Organic compounds -- part of the class 532-570 series – Organic compounds – Heterocyclic carbon compounds containing a hetero ring...
Reexamination Certificate
1995-06-06
2002-10-29
Chang, Ceila (Department: 1625)
Organic compounds -- part of the class 532-570 series
Organic compounds
Heterocyclic carbon compounds containing a hetero ring...
C544S146000, C544S376000, C548S525000, C549S051000
Reexamination Certificate
active
06472531
ABSTRACT:
BACKGROUND OF THE INVENTION
The present invention is directed to chemical processes for preparing 2-aryl-6-hydroxy-3-[4-(2-aminoethoxy)benzoyl]benzo[b]-thiophenes. The synthesis of aromatic ketones was reviewed by Gore in Olah, Friedel-Crafts and Related Reactions, Volume 3, Part 1, Chapter XXXI (1964). Generally, an acyl component and an aromatic substrate are reacted in the presence of a Lewis acid catalyst to produce the aromatic ketone. Suitable Lewis acid catalysts for this type of reaction include metal halides such as aluminum chloride, aluminum bromide, ferric chloride, ferric bromide, and boron trifluoride. See, Olah, Friedel-Crafts and Related Reactions, Volume 1, Chapters II, III, and IV (1963).

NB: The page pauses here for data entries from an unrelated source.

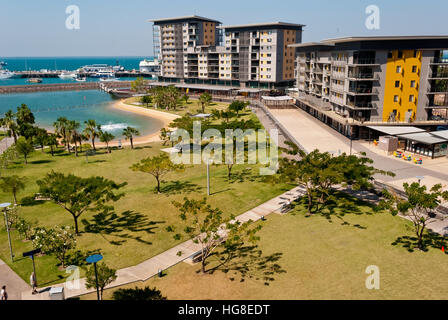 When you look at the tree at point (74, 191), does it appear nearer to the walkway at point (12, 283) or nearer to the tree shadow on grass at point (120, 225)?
the tree shadow on grass at point (120, 225)

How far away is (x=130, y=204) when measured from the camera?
46.5 meters

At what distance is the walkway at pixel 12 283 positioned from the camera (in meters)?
28.0

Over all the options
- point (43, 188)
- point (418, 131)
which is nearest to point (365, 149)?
point (418, 131)

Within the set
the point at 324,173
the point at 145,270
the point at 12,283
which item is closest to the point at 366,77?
the point at 324,173

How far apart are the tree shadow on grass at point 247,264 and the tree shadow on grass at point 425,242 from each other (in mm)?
12225

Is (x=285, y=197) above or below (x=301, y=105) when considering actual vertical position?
below

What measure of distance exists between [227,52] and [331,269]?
13934 centimetres

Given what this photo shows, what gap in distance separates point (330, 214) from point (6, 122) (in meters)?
74.6

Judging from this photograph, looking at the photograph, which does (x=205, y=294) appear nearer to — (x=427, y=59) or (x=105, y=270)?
(x=105, y=270)

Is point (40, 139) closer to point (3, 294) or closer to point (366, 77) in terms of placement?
point (3, 294)

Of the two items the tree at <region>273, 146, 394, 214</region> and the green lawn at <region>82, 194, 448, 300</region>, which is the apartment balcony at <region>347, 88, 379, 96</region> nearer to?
the tree at <region>273, 146, 394, 214</region>

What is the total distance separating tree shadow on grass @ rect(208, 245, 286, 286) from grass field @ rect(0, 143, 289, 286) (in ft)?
20.7

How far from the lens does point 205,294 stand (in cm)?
2767

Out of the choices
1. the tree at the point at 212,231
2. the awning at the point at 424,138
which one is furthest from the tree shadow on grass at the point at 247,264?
the awning at the point at 424,138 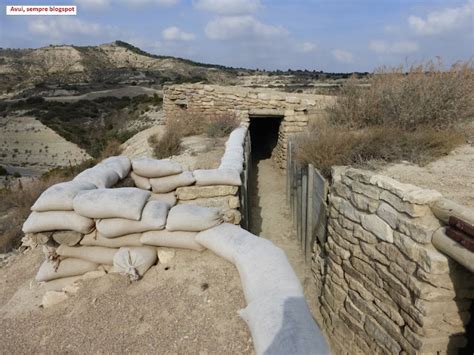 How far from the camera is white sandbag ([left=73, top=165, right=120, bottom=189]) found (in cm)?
331

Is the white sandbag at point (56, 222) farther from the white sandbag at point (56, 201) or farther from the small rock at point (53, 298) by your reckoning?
the small rock at point (53, 298)

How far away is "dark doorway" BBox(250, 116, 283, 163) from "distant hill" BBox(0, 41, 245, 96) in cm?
3018

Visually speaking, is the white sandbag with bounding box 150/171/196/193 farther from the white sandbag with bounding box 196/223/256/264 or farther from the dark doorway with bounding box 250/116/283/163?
the dark doorway with bounding box 250/116/283/163

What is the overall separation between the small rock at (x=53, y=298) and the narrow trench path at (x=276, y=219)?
11.6 feet

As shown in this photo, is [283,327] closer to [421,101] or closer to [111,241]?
[111,241]

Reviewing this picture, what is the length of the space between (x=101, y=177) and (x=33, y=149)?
67.5 ft

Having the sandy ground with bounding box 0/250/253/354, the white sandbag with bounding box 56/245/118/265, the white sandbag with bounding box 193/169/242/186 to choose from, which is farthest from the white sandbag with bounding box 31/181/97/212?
the white sandbag with bounding box 193/169/242/186

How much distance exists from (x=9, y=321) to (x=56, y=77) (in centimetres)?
5750

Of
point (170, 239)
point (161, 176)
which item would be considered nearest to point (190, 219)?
point (170, 239)

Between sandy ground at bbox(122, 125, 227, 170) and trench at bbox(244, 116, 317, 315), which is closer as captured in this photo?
sandy ground at bbox(122, 125, 227, 170)

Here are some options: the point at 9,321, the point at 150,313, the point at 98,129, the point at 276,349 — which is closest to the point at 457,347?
the point at 276,349

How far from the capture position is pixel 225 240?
108 inches

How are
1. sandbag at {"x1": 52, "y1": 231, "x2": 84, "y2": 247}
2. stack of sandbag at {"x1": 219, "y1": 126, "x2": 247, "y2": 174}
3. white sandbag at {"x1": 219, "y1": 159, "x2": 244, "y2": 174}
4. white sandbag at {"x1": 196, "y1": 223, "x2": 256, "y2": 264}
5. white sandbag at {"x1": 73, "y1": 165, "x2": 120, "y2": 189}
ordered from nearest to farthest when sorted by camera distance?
white sandbag at {"x1": 196, "y1": 223, "x2": 256, "y2": 264}, sandbag at {"x1": 52, "y1": 231, "x2": 84, "y2": 247}, white sandbag at {"x1": 73, "y1": 165, "x2": 120, "y2": 189}, white sandbag at {"x1": 219, "y1": 159, "x2": 244, "y2": 174}, stack of sandbag at {"x1": 219, "y1": 126, "x2": 247, "y2": 174}

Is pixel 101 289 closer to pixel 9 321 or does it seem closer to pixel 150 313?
pixel 150 313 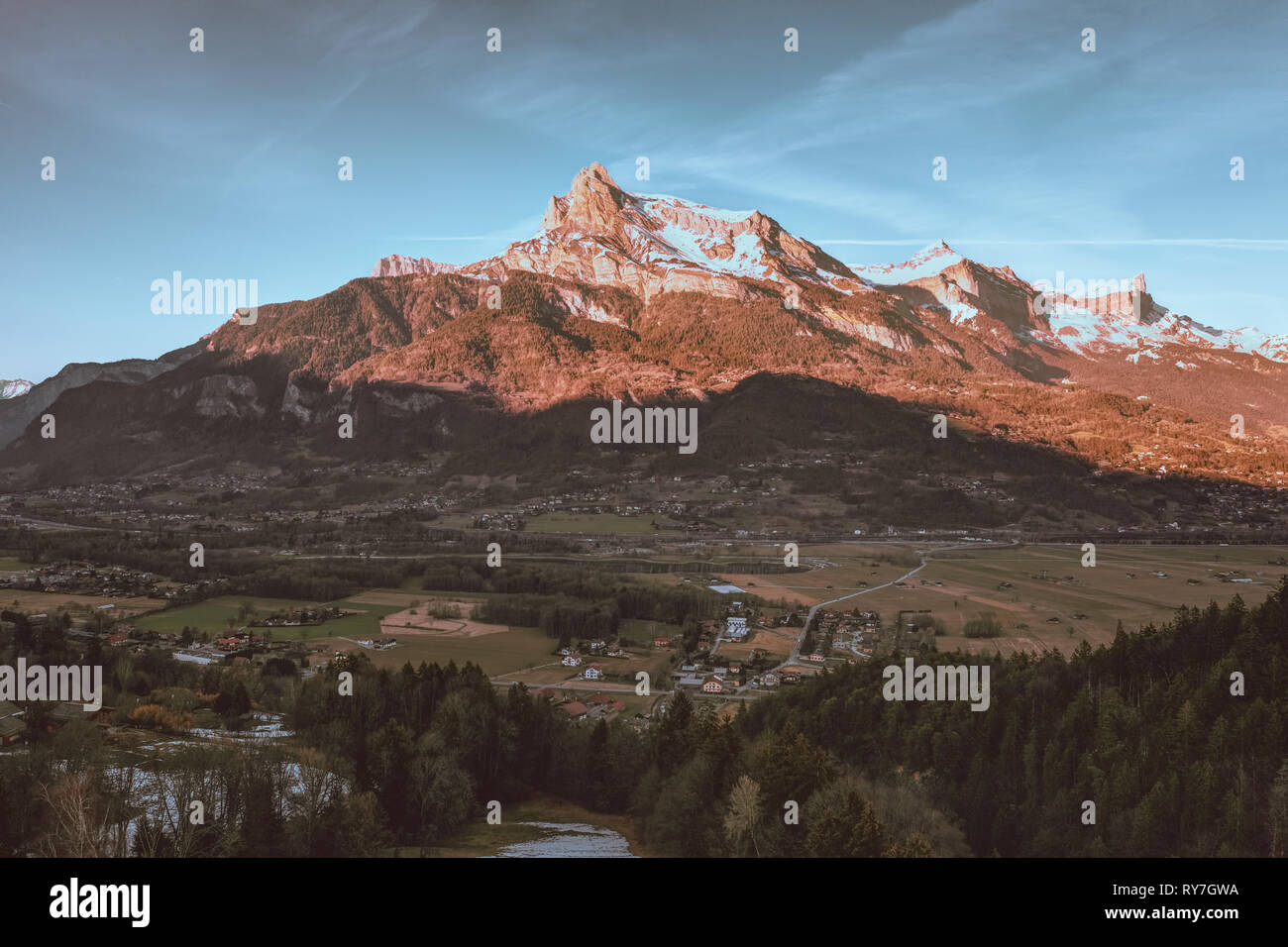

The compounds prepared by the present processes were first described in U.S. Pat. No. 4,133,814. This patent described a number of processes for preparing the compounds, including the acylation of suitably protected 2-arylbenzothiophenes. This patent taught the use of phenacyl, halophenacyl, and alkyl protecting groups for the phenolic hydroxyl groups. The alkyl protecting groups were removed by treating the phenolic ethers with pyridine hydrochloride. This patent also taught that the phenolic methyl ethers could be cleaved without affecting the 3-aroylalkoxy group by reacting with boron tribromide; however, the yield of the 3-aroylalkoxy-substituted compound was low.
The process described in U.S. Pat. No. 4,358,593 used particularly advantageous protecting groups for preparing 6-hydroxy-2-(4-hydroxyphenyl)-3-[4-(2-aminoethoxy)benzoyl]-benzo[b]thiophenes. These advantageous protecting groups are acetyl, substituted acetyl, benzoyl, alkylsulfonyl, and arylsulfonyl groups. This patent taught the use of classical Friedel-Crafts catalysts in the acylation of the protected 2-(4-hydroxyphenyl)-6-hydroxybenzo[b]thiophene, including metal halides such as aluminum chloride, aluminum bromide, zinc chloride, boron trifluoride, boron tribromide, titanium tetra-chloride, titanium tetrabromide, stannic chloride, stannic bromide, bismuth trichloride, and ferric chloride. Subsequent to acylation, the protecting group was generally removed under basic conditions.
A particularly useful compound from this series of 2-aryl-3-[4-(2-aminoethoxy)benzoyl]benzo[b]thiophenes is 6-hydroxy-2-(4-hydroxyphenyl)-3-[4-(2-piperidinoethoxy)benzoyl]benzo[b]-thiophene. This compound, as well as methods for its preparation, was first described in U.S. Pat. No. 4,418,068. This compound is a nonsteroidal antiestrogen, useful for alleviating an estrogen-dependent pathological condition of an endocrine target organ.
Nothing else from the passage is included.